Repeat everything in the data exactly except images.

### DATASET SECTION:

_ _ _

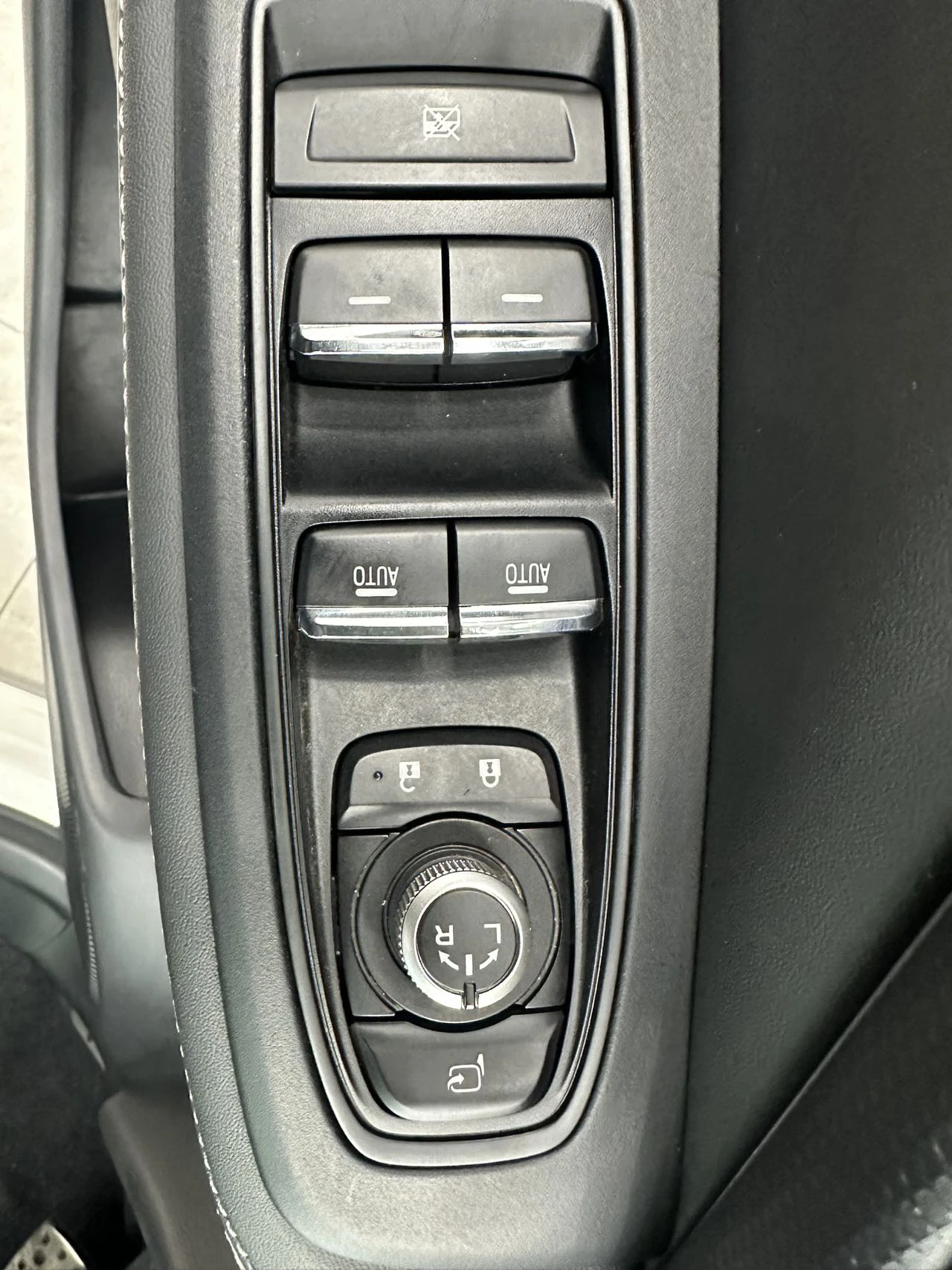 Subaru Forester, 2022г, полный привод, вариатор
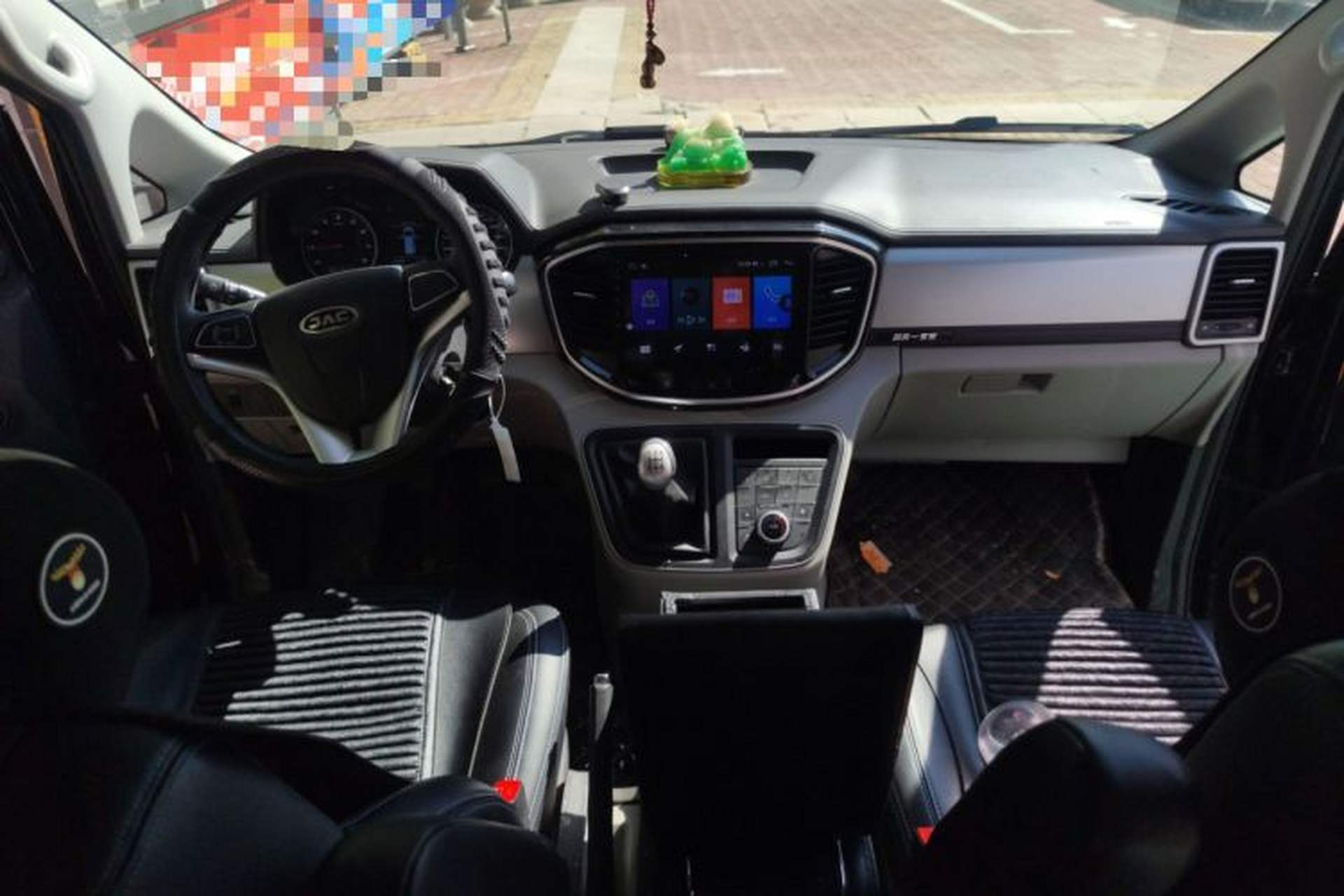 Used JAC Refine M4 2021 2.0L Manual Comfort Edition Interior 2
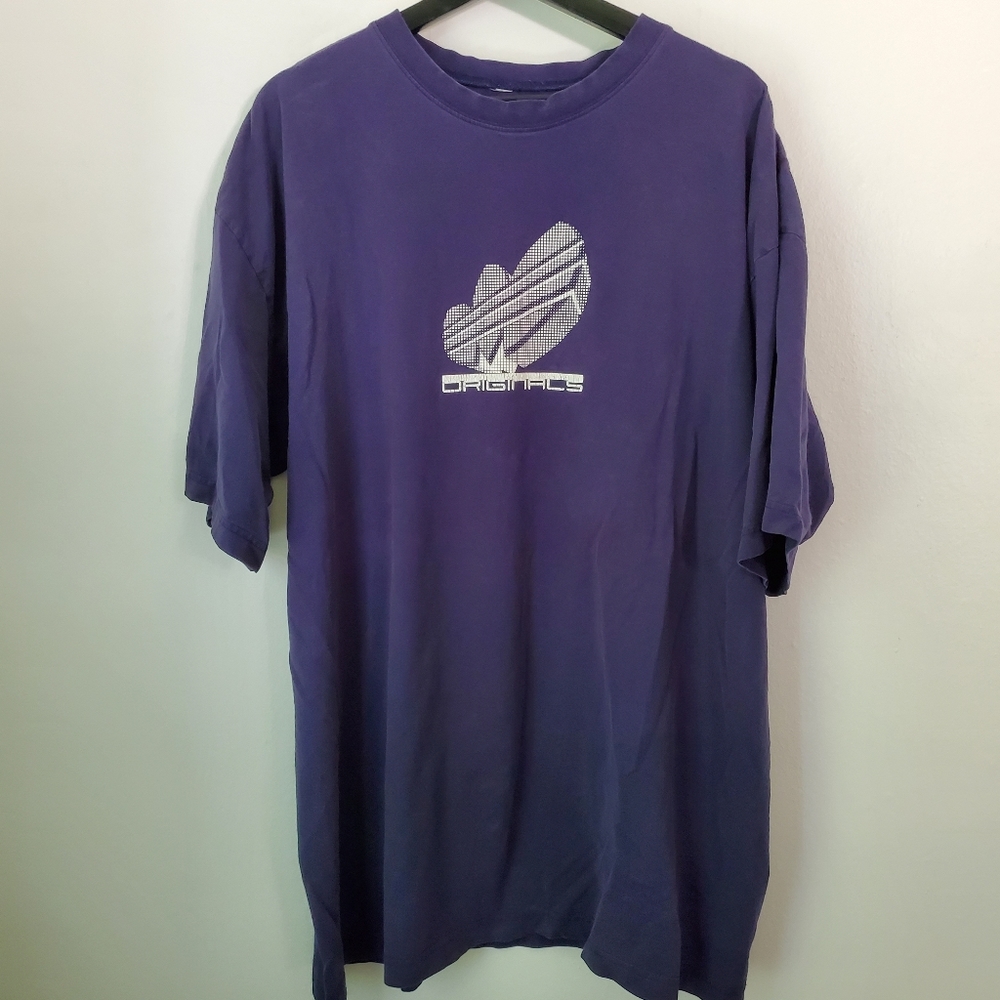 Vintage Adidas Originals tshirt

_ _ _

### EXERCISE ANSWER:
 Subaru Forester, 2022г, полный привод, вариатор
 Used JAC Refine M4 2021 2.0L Manual Comfort Edition Interior 2
 Vintage Adidas Originals tshirt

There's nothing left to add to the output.